The local agent drove him northwest from Jackson, up Route 49, north of Greenwood, well west of Oxford. The town was called Gibbston, a fertile stretch of land between the Mississippi and the Yazoo Rivers where cotton—and the white race—was king.

They pulled up outside the post office, a small shack that looked like a bait shop with a faded federal shield on the door. The Jackson agent got out and waited for Solomon to join him, though never looking Solomon in the eye. They crossed the street to a clutch of white men in suits without jackets, fanning themselves with their hats, mopping their brows with sweat-dampened handkerchiefs. Solomon was introduced to the local sheriff, two deputies, and the Jackson special agent in charge, whose last name was Macklin.

“When they said they were sending somebody named Solomon to help with the interviews,” said Macklin, “I told them we needed a Negro, not a Jew.”
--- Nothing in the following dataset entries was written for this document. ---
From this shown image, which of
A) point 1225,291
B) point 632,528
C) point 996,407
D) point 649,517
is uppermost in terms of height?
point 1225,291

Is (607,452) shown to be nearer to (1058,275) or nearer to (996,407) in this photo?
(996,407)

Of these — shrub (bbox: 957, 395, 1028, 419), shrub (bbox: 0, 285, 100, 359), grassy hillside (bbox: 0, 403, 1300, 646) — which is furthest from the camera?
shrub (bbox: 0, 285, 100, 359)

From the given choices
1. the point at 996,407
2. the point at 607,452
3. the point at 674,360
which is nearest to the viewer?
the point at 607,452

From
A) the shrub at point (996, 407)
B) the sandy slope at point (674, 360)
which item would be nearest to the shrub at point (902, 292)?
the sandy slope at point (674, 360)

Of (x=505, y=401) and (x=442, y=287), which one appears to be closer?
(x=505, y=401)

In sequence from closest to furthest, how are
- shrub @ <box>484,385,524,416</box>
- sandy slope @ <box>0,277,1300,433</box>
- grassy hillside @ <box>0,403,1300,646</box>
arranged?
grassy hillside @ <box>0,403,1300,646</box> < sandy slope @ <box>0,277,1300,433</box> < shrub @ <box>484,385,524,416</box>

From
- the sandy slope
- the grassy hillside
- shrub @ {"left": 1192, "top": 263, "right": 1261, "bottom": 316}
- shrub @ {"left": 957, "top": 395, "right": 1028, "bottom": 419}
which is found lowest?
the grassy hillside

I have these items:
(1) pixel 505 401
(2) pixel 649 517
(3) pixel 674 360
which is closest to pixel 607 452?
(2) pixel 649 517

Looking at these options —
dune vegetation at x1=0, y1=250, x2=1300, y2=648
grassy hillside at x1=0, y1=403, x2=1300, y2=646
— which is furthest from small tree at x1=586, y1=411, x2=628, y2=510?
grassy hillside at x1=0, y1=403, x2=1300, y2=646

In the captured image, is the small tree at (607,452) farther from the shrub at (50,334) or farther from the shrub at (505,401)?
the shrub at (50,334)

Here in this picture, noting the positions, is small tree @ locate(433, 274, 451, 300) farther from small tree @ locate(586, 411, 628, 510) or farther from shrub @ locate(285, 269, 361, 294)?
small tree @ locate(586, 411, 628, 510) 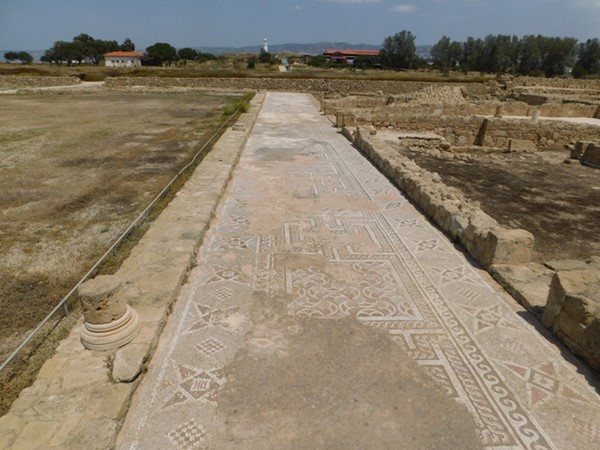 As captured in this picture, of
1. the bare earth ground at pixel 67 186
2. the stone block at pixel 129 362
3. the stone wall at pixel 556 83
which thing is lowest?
the bare earth ground at pixel 67 186

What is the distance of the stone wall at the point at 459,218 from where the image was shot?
4.74m

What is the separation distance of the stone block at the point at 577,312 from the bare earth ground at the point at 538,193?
1.85 m

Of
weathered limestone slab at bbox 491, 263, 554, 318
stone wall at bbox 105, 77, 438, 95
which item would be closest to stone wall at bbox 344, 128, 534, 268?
weathered limestone slab at bbox 491, 263, 554, 318

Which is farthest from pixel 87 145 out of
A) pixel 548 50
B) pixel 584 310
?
pixel 548 50

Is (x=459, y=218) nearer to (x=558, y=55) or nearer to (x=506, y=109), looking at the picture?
(x=506, y=109)

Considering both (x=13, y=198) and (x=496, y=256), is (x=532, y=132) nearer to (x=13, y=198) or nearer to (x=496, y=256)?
(x=496, y=256)

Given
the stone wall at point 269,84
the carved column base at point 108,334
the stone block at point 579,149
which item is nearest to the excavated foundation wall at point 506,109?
the stone block at point 579,149

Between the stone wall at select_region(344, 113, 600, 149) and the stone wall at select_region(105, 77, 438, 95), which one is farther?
the stone wall at select_region(105, 77, 438, 95)

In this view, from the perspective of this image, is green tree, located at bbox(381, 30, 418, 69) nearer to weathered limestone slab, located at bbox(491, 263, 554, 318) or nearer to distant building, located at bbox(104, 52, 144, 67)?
distant building, located at bbox(104, 52, 144, 67)

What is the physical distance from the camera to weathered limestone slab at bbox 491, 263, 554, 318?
4.09 m

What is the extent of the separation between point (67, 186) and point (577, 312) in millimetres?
8605

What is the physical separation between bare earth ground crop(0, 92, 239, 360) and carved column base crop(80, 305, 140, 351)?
95 centimetres

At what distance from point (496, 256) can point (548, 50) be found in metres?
73.2

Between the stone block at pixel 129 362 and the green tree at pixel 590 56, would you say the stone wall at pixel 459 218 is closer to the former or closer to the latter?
the stone block at pixel 129 362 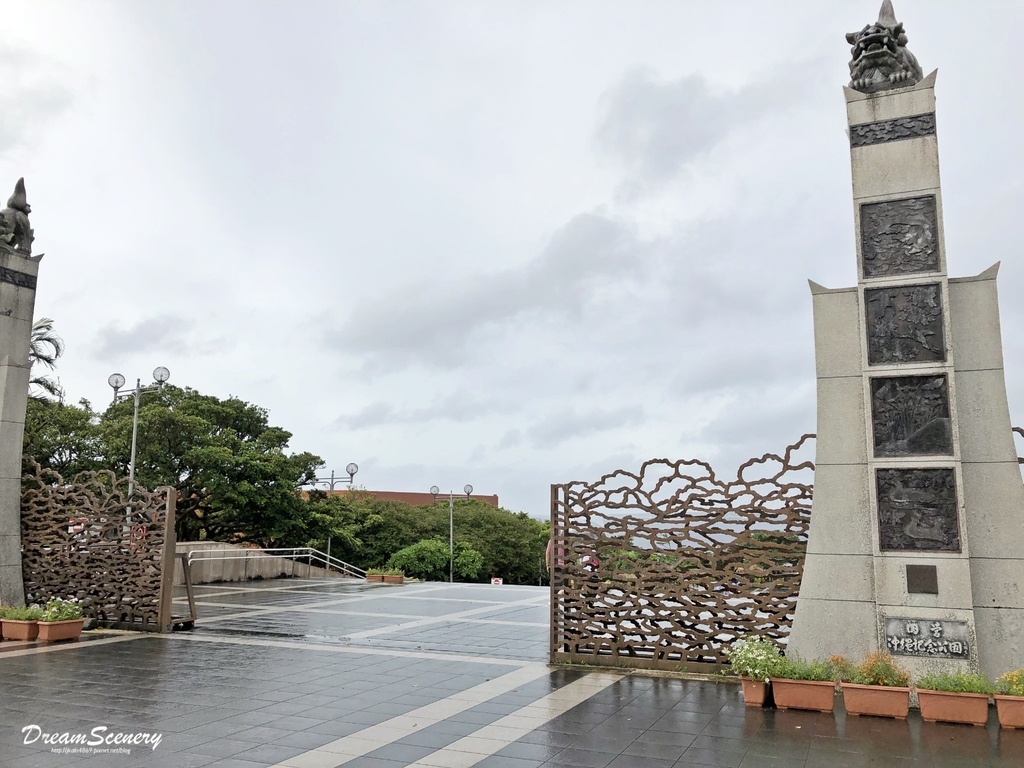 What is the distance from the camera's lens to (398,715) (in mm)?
6387

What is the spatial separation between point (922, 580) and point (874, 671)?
1.01 metres

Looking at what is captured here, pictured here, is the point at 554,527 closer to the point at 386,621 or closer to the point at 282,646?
the point at 282,646

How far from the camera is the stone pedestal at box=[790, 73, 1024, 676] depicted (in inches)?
269

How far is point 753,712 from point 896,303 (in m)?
4.09

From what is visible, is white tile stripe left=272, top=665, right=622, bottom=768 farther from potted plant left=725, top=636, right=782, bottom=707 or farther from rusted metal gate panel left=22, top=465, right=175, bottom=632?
rusted metal gate panel left=22, top=465, right=175, bottom=632

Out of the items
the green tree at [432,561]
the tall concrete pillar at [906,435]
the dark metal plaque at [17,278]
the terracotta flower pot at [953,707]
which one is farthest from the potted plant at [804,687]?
the green tree at [432,561]

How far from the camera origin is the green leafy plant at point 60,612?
9969mm

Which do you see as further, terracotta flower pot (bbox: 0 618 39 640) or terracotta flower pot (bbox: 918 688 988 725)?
terracotta flower pot (bbox: 0 618 39 640)

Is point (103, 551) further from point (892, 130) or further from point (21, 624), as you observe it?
point (892, 130)

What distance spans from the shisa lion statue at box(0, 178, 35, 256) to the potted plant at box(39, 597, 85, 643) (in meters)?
5.53

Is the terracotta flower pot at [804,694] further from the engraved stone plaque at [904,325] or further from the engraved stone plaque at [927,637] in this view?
the engraved stone plaque at [904,325]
Macklin’s mouth unzipped a thin-lipped smile that revealed his teeth the way a surgeon’s incision reveals interior organs. The other men smiled also and waited for Solomon to respond, so that they would know what kind of Negro they had on their hands here. Solomon looked each man in the eye, letting them twist in suspense a few moments longer than necessary, then nodded and smiled. He needed their help, and he was the low man on the totem pole—if he was even on the totem pole.

There was more idle talk, but Solomon became distracted, his attention tuned to singing in the nearby church. There was, in the congregation’s voices, none of the joy he associated with a Southern Baptist service:

He goes before me,

And is beside me,

So I am not afraid.

 

It was a mournful song. There was great anxiety in the air, hanging oppressively along with the heat and the humidity. Assigning Solomon here showed desperation on the part of the FBI, perhaps at the direction of the White House. Dispatching him to Gibbston to liaise with the Negro community in the Deep South was akin to sending a Communist to listen to the concerns of pinkos.

The service ended and the churchgoers started filing out. Dressed in their Sunday best, they made their way down the steps to the dirt sidewalk, the men replacing their hats upon their heads.

Macklin and the others had advice for Solomon. “Just let them see you here, let ’em get curious. You don’t want to scare anybody.”

But Solomon knew that Sunday morning from eleven A.M. to noon was the only time the majority of the local black community would or could assemble. Missing this opportunity meant waiting another week at the very least.

He said as much to SAIC Macklin.

“No,” Macklin told him, “we’ll go around and do some interviews individually later today and tomorrow.”

Solomon watched the churchgoers saying their goodbyes and getting ready to disperse. He thought that there was an element of…if not fear, then trepidation, in Macklin’s desire for him to avoid this crowd.

“Sir,” said Solomon, already stepping into the street, “I’m going.”

Solomon got halfway there before he realized the men were following him. Solomon couldn’t have that. Why was he here, otherwise?

“Sirs,” he said, “I think it best you wait here.”

And they did. Solomon continued across the street, and he saw the congregants watching him come. They saw that he had stopped the white lawmen from accompanying him. They were stunned that a young black man had such authority.

“Good day, ladies and gentlemen,” he said, introducing himself to the silent observers. “I am Special Agent Earl Solomon.” He showed them his badge and ID card from his flip book, then replaced it inside his jacket breast pocket. He noticed many of them looking past him at the white lawmen across the street. “The Bureau dispatched me here to Gibbston to assist in the investigation of the homicides by lynching.”

The pastor emerged from the church doors, stopping on the top step, behind the faithful. He had shed his robe, dressed in an open-necked white cotton shirt and dark slacks, mopping at his brow. A blaze of silver in his black hair distinguished him with the effect of a candle in the darkness.

Solomon nodded to him respectfully, but felt an unusual suspicion in the preacher’s manner. Perhaps the pastor was simply unused to another black man compelling the attention of his assembled faithful.